Closing a PR means that it no longer needs to be merged into upstream. As a contributor, you would only do this if you are giving up on your effort. More often a PR is closed by the maintainer either when they merge the PR into master or if they decide the PR should never be merged into master (i.e., the PR is no longer relevant, the PR is outside the scope of the project, the PR has been abandoned, etc.).
Assumptions
- You are the maintainer.
- You are signed into GitHub.
Instructions
- Navigate to the PR that needs reviewing on GitHub.
- Review the changes and make sure they are up to the project's standards. Many projects have style guidelines and acceptance criteria such as "must pass all tests" and "contributions must include unit tests". The maintainer often must merge the contributor's feature branch into master in a local clone and confirm that it works as expected. As this activity is about training contributors, we will not go into the details about how to be a maintainer here.
- After reviewing the PR, do one of the following (refer to the instructions in the activity for which you should pick)
- Reject the PR by closing it and leaving a message of why you are closing it.
- Accept the PR by merging it into master: choose "squash and merge" strategy for now and click Merge pull request and then Confirm.
- Request modifications to the PR if it needs work by leaving a message in the PR indicating what needs to be done.
Assumptions
- You are the contributor.
- You have received an automated email notifying you of the maintainer's decision.
Instructions
- If the maintainer merged your PR into the master branch in the team repository, go to Clean up.
- If the maintainer closed the PR without merging (maybe because it's obsolete, or not a feature the maintainer wants, etc.), go to Clean up.
- If the maintainer asked for adjustments to your work, return to Work on the issue and make the requested changes.
Assumptions
- You are the contributor.
- You have a terminal opened in the root of your local clone.
Instructions
- Checkout the master branch, update master with changes from upstream, and push those changes to your fork.
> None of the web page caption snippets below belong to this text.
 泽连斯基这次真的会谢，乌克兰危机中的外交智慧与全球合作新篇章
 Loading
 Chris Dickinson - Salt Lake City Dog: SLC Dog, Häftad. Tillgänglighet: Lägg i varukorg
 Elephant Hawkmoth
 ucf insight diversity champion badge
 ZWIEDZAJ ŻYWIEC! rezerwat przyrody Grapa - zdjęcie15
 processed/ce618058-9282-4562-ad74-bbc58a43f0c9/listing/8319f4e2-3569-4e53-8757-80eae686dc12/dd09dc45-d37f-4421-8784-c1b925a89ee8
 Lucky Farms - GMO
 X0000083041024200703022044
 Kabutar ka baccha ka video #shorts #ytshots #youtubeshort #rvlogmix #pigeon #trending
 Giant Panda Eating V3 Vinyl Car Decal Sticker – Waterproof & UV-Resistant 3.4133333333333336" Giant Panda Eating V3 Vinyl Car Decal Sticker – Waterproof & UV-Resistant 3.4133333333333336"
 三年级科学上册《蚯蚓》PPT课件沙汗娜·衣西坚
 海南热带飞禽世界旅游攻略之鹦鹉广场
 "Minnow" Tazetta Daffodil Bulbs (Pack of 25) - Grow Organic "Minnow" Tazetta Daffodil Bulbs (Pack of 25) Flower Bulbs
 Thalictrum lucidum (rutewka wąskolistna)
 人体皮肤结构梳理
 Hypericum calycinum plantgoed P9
This synchronizes master across your team's repository, your fork, and your clone.
git checkout master git pull upstream master git push origin master
- Delete the feature branch from your local repository.
Note: if the last statement complains that the branch has not been merged, you may be trying to delete the wrong branch or the maintainer may have used a "merge" strategy that was not a merge at all. So first, check that you have the correct branch and that your pull-request for that branch has actually been merged. If so, and you are really, really, REALLY sure, then force the delete with a capital "D":
git branch -d FEATURE_BRANCH
git branch -D FEATURE_BRANCH
. - Delete the feature branch from your fork.
git push -d origin FEATURE_BRANCH
Congratulations, having cleaned up your repositories you have completed this workflow!